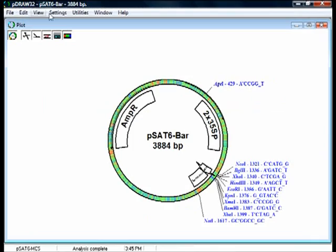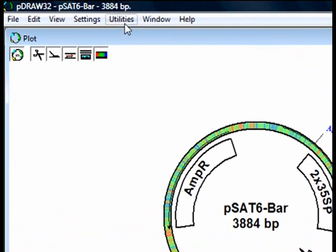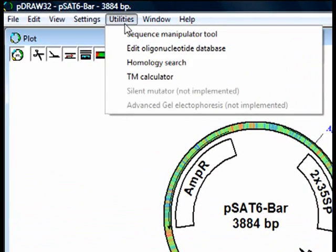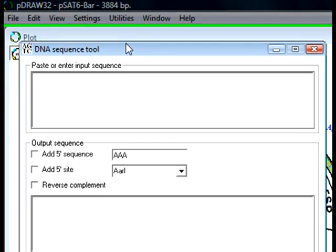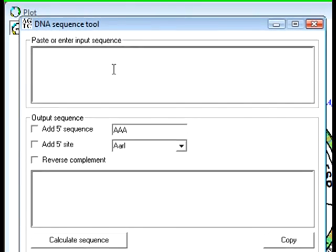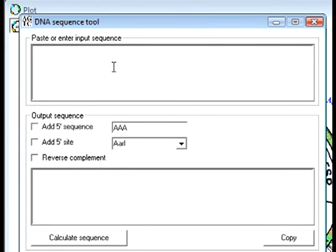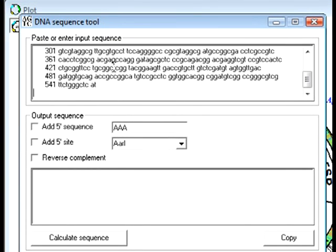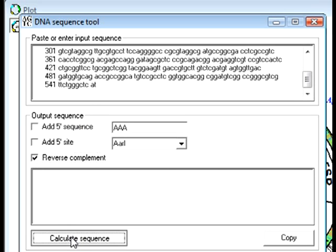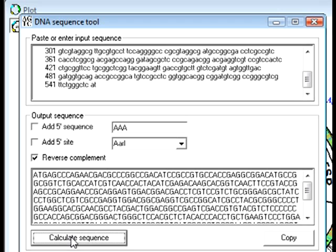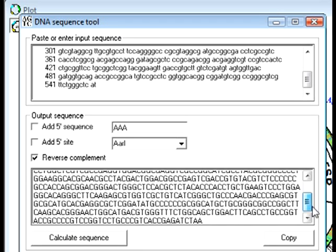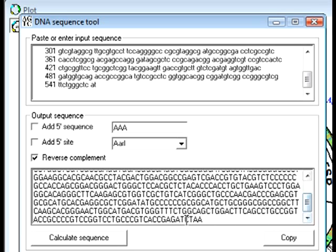In P-Draw32, I want to change its orientation by using a utility called Sequence Manipulation tool. I paste here my sequence, select Reverse Complement option and calculate the sequence. Here is the sequence of the bar gene, starting with ATG and ending with a stop codon. I am going to copy it and hide this window for now.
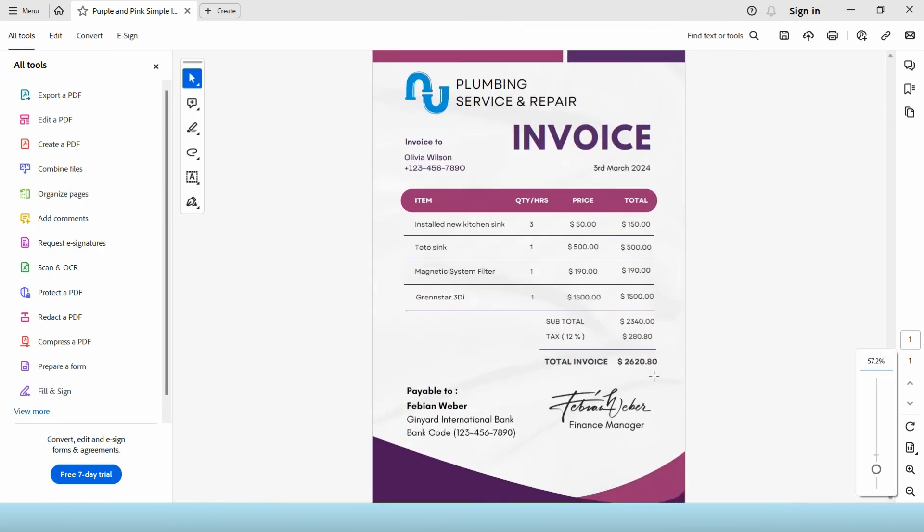So that's it. Now we have a nice looking signature on our PDF document. Subscribe and see you in the next video.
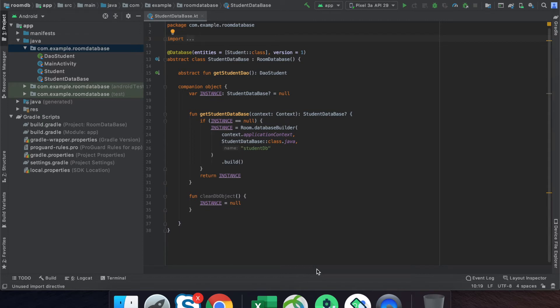Hi guys, welcome back to the Kotlin tutorial. This is the third video lecture for the Room database. In this video lecture we are going to learn how to insert a custom object into the database. If you want to store integer, float, long, or string, we can easily store these into the Room database because these are the supported types provided by SQLite.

*-*-*

__Instructions for the task__:
Your task is to reproduce all of the material exactly. The pictures stay out.

__Solution for this problem__:
In P-Draw32, I want to change its orientation by using a utility called Sequence Manipulation tool. I paste here my sequence, select Reverse Complement option and calculate the sequence. Here is the sequence of the bar gene, starting with ATG and ending with a stop codon. I am going to copy it and hide this window for now.
So that's it. Now we have a nice looking signature on our PDF document. Subscribe and see you in the next video.
Hi guys, welcome back to the Kotlin tutorial. This is the third video lecture for the Room database. In this video lecture we are going to learn how to insert a custom object into the database. If you want to store integer, float, long, or string, we can easily store these into the Room database because these are the supported types provided by SQLite.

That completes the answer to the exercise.